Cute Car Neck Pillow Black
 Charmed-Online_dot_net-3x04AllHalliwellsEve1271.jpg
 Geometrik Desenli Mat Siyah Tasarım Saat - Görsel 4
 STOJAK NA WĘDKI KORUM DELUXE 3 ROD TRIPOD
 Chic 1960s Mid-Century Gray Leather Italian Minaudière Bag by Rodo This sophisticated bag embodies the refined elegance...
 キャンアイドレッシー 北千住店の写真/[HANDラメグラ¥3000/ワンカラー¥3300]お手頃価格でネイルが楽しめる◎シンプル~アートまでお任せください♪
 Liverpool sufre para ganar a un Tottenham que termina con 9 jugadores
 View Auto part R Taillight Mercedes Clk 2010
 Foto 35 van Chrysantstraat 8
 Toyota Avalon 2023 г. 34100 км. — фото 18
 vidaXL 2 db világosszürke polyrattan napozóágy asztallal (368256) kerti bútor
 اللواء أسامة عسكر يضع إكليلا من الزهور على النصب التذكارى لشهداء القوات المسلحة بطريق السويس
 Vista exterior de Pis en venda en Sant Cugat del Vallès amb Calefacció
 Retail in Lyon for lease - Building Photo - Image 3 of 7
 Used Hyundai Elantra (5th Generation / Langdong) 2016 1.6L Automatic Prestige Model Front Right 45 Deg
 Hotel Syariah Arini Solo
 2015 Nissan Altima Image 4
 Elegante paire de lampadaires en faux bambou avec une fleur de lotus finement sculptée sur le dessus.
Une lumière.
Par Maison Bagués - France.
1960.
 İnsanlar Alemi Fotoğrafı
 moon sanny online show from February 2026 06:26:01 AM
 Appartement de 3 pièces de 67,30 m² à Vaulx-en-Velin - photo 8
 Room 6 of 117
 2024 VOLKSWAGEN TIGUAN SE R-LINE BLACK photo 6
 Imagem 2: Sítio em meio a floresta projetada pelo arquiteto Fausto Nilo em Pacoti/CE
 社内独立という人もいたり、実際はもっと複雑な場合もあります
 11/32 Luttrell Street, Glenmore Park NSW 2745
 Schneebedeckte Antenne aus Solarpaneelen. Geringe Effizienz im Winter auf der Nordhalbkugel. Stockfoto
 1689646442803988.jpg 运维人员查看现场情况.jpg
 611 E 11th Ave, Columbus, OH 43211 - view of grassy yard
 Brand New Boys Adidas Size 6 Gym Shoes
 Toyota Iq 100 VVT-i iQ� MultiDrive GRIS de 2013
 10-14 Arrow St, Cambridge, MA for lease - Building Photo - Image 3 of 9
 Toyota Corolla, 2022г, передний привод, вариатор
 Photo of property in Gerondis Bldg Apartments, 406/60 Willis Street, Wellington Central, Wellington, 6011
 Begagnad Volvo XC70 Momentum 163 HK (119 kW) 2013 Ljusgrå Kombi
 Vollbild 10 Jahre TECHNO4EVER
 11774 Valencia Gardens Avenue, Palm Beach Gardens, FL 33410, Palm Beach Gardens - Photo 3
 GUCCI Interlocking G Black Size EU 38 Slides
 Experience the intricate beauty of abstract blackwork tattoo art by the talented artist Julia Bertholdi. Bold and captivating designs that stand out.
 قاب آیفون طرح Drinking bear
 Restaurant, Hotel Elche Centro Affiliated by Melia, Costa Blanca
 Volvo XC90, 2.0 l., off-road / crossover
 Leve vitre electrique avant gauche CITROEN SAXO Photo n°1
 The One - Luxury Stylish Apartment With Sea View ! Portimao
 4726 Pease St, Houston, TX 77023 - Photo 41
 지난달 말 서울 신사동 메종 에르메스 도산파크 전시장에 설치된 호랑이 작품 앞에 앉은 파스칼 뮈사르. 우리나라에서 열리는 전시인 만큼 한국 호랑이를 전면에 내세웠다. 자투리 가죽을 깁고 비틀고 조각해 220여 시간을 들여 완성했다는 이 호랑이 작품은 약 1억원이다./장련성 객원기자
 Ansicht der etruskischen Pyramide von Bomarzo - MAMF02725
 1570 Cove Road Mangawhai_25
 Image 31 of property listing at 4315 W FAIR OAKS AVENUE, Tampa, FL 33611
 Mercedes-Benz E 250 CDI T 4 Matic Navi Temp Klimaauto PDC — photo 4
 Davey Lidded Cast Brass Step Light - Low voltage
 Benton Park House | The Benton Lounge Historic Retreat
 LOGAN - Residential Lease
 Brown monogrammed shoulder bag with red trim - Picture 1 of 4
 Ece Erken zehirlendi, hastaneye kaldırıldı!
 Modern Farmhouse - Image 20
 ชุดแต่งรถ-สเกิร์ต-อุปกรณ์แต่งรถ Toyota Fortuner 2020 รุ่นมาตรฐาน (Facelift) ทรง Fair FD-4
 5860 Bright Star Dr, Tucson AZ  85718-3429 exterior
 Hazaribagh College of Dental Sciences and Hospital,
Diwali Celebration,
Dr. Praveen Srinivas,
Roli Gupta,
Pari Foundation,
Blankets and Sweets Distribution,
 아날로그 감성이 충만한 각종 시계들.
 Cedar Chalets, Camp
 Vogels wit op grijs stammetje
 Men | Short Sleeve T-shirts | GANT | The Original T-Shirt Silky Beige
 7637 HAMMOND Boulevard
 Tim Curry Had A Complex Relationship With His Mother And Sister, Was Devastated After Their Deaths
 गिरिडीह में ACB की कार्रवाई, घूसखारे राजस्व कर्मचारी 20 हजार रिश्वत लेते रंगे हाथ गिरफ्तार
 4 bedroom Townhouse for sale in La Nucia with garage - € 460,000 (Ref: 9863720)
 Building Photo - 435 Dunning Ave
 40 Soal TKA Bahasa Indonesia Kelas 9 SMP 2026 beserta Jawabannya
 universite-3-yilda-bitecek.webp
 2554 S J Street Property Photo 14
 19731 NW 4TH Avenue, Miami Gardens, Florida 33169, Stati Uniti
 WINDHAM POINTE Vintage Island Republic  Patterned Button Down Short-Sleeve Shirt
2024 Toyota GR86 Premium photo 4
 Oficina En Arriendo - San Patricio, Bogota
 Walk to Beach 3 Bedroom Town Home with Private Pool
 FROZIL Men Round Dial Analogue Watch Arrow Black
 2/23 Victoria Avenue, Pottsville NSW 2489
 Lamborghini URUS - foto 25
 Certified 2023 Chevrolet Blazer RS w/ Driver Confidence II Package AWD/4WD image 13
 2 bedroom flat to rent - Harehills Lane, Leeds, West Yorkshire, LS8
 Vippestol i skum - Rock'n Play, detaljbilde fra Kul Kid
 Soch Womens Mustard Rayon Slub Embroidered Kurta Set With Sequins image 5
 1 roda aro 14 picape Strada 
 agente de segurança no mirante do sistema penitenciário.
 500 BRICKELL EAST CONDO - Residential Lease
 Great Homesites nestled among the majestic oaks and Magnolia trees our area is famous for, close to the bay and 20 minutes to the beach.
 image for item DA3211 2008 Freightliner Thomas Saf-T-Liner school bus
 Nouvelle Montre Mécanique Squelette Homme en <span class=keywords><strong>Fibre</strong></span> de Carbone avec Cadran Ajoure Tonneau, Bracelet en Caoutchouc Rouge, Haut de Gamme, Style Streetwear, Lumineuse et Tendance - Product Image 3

YOUR ASSIGNMENT:
Return the whole of the data, character for character.

EXERCISE OUTPUT:
Cute Car Neck Pillow Black
 Charmed-Online_dot_net-3x04AllHalliwellsEve1271.jpg
 Geometrik Desenli Mat Siyah Tasarım Saat - Görsel 4
 STOJAK NA WĘDKI KORUM DELUXE 3 ROD TRIPOD
 Chic 1960s Mid-Century Gray Leather Italian Minaudière Bag by Rodo This sophisticated bag embodies the refined elegance...
 キャンアイドレッシー 北千住店の写真/[HANDラメグラ¥3000/ワンカラー¥3300]お手頃価格でネイルが楽しめる◎シンプル~アートまでお任せください♪
 Liverpool sufre para ganar a un Tottenham que termina con 9 jugadores
 View Auto part R Taillight Mercedes Clk 2010
 Foto 35 van Chrysantstraat 8
 Toyota Avalon 2023 г. 34100 км. — фото 18
 vidaXL 2 db világosszürke polyrattan napozóágy asztallal (368256) kerti bútor
 اللواء أسامة عسكر يضع إكليلا من الزهور على النصب التذكارى لشهداء القوات المسلحة بطريق السويس
 Vista exterior de Pis en venda en Sant Cugat del Vallès amb Calefacció
 Retail in Lyon for lease - Building Photo - Image 3 of 7
 Used Hyundai Elantra (5th Generation / Langdong) 2016 1.6L Automatic Prestige Model Front Right 45 Deg
 Hotel Syariah Arini Solo
 2015 Nissan Altima Image 4
 Elegante paire de lampadaires en faux bambou avec une fleur de lotus finement sculptée sur le dessus.
Une lumière.
Par Maison Bagués - France.
1960.
 İnsanlar Alemi Fotoğrafı
 moon sanny online show from February 2026 06:26:01 AM
 Appartement de 3 pièces de 67,30 m² à Vaulx-en-Velin - photo 8
 Room 6 of 117
 2024 VOLKSWAGEN TIGUAN SE R-LINE BLACK photo 6
 Imagem 2: Sítio em meio a floresta projetada pelo arquiteto Fausto Nilo em Pacoti/CE
 社内独立という人もいたり、実際はもっと複雑な場合もあります
 11/32 Luttrell Street, Glenmore Park NSW 2745
 Schneebedeckte Antenne aus Solarpaneelen. Geringe Effizienz im Winter auf der Nordhalbkugel. Stockfoto
 1689646442803988.jpg 运维人员查看现场情况.jpg
 611 E 11th Ave, Columbus, OH 43211 - view of grassy yard
 Brand New Boys Adidas Size 6 Gym Shoes
 Toyota Iq 100 VVT-i iQ� MultiDrive GRIS de 2013
 10-14 Arrow St, Cambridge, MA for lease - Building Photo - Image 3 of 9
 Toyota Corolla, 2022г, передний привод, вариатор
 Photo of property in Gerondis Bldg Apartments, 406/60 Willis Street, Wellington Central, Wellington, 6011
 Begagnad Volvo XC70 Momentum 163 HK (119 kW) 2013 Ljusgrå Kombi
 Vollbild 10 Jahre TECHNO4EVER
 11774 Valencia Gardens Avenue, Palm Beach Gardens, FL 33410, Palm Beach Gardens - Photo 3
 GUCCI Interlocking G Black Size EU 38 Slides
 Experience the intricate beauty of abstract blackwork tattoo art by the talented artist Julia Bertholdi. Bold and captivating designs that stand out.
 قاب آیفون طرح Drinking bear
 Restaurant, Hotel Elche Centro Affiliated by Melia, Costa Blanca
 Volvo XC90, 2.0 l., off-road / crossover
 Leve vitre electrique avant gauche CITROEN SAXO Photo n°1
 The One - Luxury Stylish Apartment With Sea View ! Portimao
 4726 Pease St, Houston, TX 77023 - Photo 41
 지난달 말 서울 신사동 메종 에르메스 도산파크 전시장에 설치된 호랑이 작품 앞에 앉은 파스칼 뮈사르. 우리나라에서 열리는 전시인 만큼 한국 호랑이를 전면에 내세웠다. 자투리 가죽을 깁고 비틀고 조각해 220여 시간을 들여 완성했다는 이 호랑이 작품은 약 1억원이다./장련성 객원기자
 Ansicht der etruskischen Pyramide von Bomarzo - MAMF02725
 1570 Cove Road Mangawhai_25
 Image 31 of property listing at 4315 W FAIR OAKS AVENUE, Tampa, FL 33611
 Mercedes-Benz E 250 CDI T 4 Matic Navi Temp Klimaauto PDC — photo 4
 Davey Lidded Cast Brass Step Light - Low voltage
 Benton Park House | The Benton Lounge Historic Retreat
 LOGAN - Residential Lease
 Brown monogrammed shoulder bag with red trim - Picture 1 of 4
 Ece Erken zehirlendi, hastaneye kaldırıldı!
 Modern Farmhouse - Image 20
 ชุดแต่งรถ-สเกิร์ต-อุปกรณ์แต่งรถ Toyota Fortuner 2020 รุ่นมาตรฐาน (Facelift) ทรง Fair FD-4
 5860 Bright Star Dr, Tucson AZ  85718-3429 exterior
 Hazaribagh College of Dental Sciences and Hospital,
Diwali Celebration,
Dr. Praveen Srinivas,
Roli Gupta,
Pari Foundation,
Blankets and Sweets Distribution,
 아날로그 감성이 충만한 각종 시계들.
 Cedar Chalets, Camp
 Vogels wit op grijs stammetje
 Men | Short Sleeve T-shirts | GANT | The Original T-Shirt Silky Beige
 7637 HAMMOND Boulevard
 Tim Curry Had A Complex Relationship With His Mother And Sister, Was Devastated After Their Deaths
 गिरिडीह में ACB की कार्रवाई, घूसखारे राजस्व कर्मचारी 20 हजार रिश्वत लेते रंगे हाथ गिरफ्तार
 4 bedroom Townhouse for sale in La Nucia with garage - € 460,000 (Ref: 9863720)
 Building Photo - 435 Dunning Ave
 40 Soal TKA Bahasa Indonesia Kelas 9 SMP 2026 beserta Jawabannya
 universite-3-yilda-bitecek.webp
 2554 S J Street Property Photo 14
 19731 NW 4TH Avenue, Miami Gardens, Florida 33169, Stati Uniti
 WINDHAM POINTE Vintage Island Republic  Patterned Button Down Short-Sleeve Shirt
2024 Toyota GR86 Premium photo 4
 Oficina En Arriendo - San Patricio, Bogota
 Walk to Beach 3 Bedroom Town Home with Private Pool
 FROZIL Men Round Dial Analogue Watch Arrow Black
 2/23 Victoria Avenue, Pottsville NSW 2489
 Lamborghini URUS - foto 25
 Certified 2023 Chevrolet Blazer RS w/ Driver Confidence II Package AWD/4WD image 13
 2 bedroom flat to rent - Harehills Lane, Leeds, West Yorkshire, LS8
 Vippestol i skum - Rock'n Play, detaljbilde fra Kul Kid
 Soch Womens Mustard Rayon Slub Embroidered Kurta Set With Sequins image 5
 1 roda aro 14 picape Strada 
 agente de segurança no mirante do sistema penitenciário.
 500 BRICKELL EAST CONDO - Residential Lease
 Great Homesites nestled among the majestic oaks and Magnolia trees our area is famous for, close to the bay and 20 minutes to the beach.
 image for item DA3211 2008 Freightliner Thomas Saf-T-Liner school bus
 Nouvelle Montre Mécanique Squelette Homme en <span class=keywords><strong>Fibre</strong></span> de Carbone avec Cadran Ajoure Tonneau, Bracelet en Caoutchouc Rouge, Haut de Gamme, Style Streetwear, Lumineuse et Tendance - Product Image 3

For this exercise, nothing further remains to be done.